Wokery has enabled another Great Schism

The Church of England’s deference to progressive dogma has alienated Anglicans from the Global South.

Georgina Mumford

Topics UK

In 1054, the Great Schism between the Eastern and Western churches split Christendom in two. The rift followed a series of theological, cultural and political conflicts that proved intractable. A thousand years hence, it seems the Anglican church is itching to follow suit.

In a letter released to supporters on Thursday, the Most Reverend Dr Laurent Mbanda of Rwanda formally denounced Canterbury’s authority. He did so on behalf of the Global Anglican Future Conference (GAFCON), a coalition of conservative provinces almost entirely in Africa and Latin America. Representing the majority of Anglicans worldwide, GAFCON has now declared itself the true Anglican Communion. ‘We cannot continue to have communion with those who advocate the revisionist agenda, which has abandoned the inerrant word of God as the final authority’, wrote Dr Mbanda.

GAFCON has also barred its member provinces around the world from participating in any meetings called by the Archbishop of Canterbury, and encouraged them to ‘remove any reference to being in communion with the See of Canterbury and the Church of England’ from their constitutions.

GAFCON’s announcement comes just two weeks after Sarah Mullally was revealed as the first female Archbishop of Canterbury – a decision that drew mixed opinions from the global Anglican community. Mullally doesn’t help herself by being unabashedly woke. In the tradition of her predecessor, Justin Welby, who championed the Church of England’s commitment to an £100million slavery reparations fund, Mullally stresses the importance of keeping the church ‘relevant’ by increasing the numbers of female leaders ‘who come from black, Asian and minority-ethnic groups’.

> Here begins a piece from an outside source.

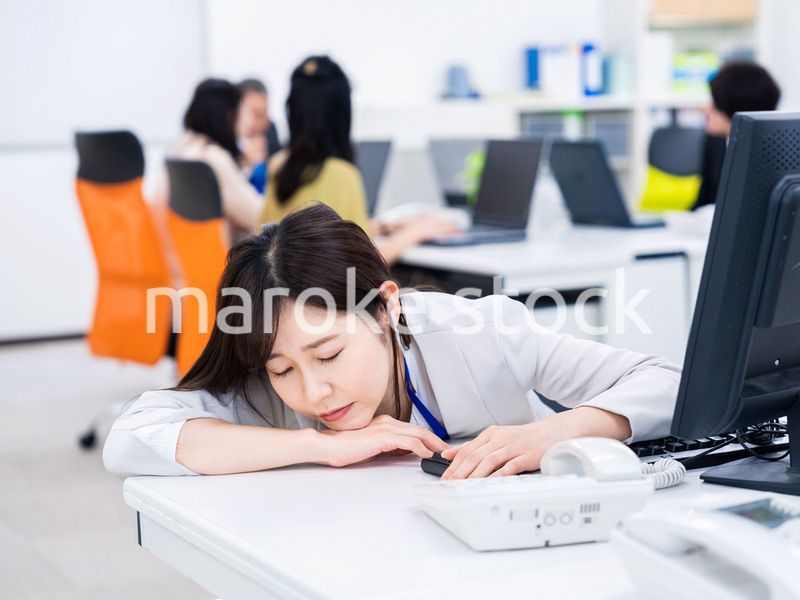 多忙で疲労するビジネスパーソン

Perhaps Mullally really will get her wish for a more female clergy, but it could come at quite a cost, given GAFCON now wants nothing to do with the CofE. It appears the obsession with increasing diversity has actually achieved the exact opposite, alienating Anglicans in Latin America and Africa.

On Friday, following GAFCON’s announcement, Mullally released a statement of her own. ‘I recognise that these are matters of deep theological conviction for many across our Communion’, she wrote. ‘In the power of the Spirit, I pray that we can… reach agreement about important matters whenever possible, and to make space for conscientious differentiation when necessary.’

That seems unlikely. Far too many Anglicans have already turned away from CofE’s woke leadership in search of the traditional theology the CofE has abandoned. Though not really a ‘schism’ in the canonical sense, it is far more than a petty squabble. It represents a dramatic shift in global Anglican power, where the numerically dominant churches of the Global South have chosen to reject the ‘progressive’ moral posturing of the ‘mother church’. In this regard, perhaps the likes of Welby and Mullally should be proud of themselves – this appears to be decolonisation in action.

The Book of Revelation likens a wayward church to water that runs neither hot nor cold – a stream so tepid it is fit only to be spat out. This image feels uncomfortably apt for the CofE today. Nauseated by years of lukewarmness, the rest of the Anglican world is refusing to swallow it any longer.

Georgina Mumford is an editorial assistant at spiked.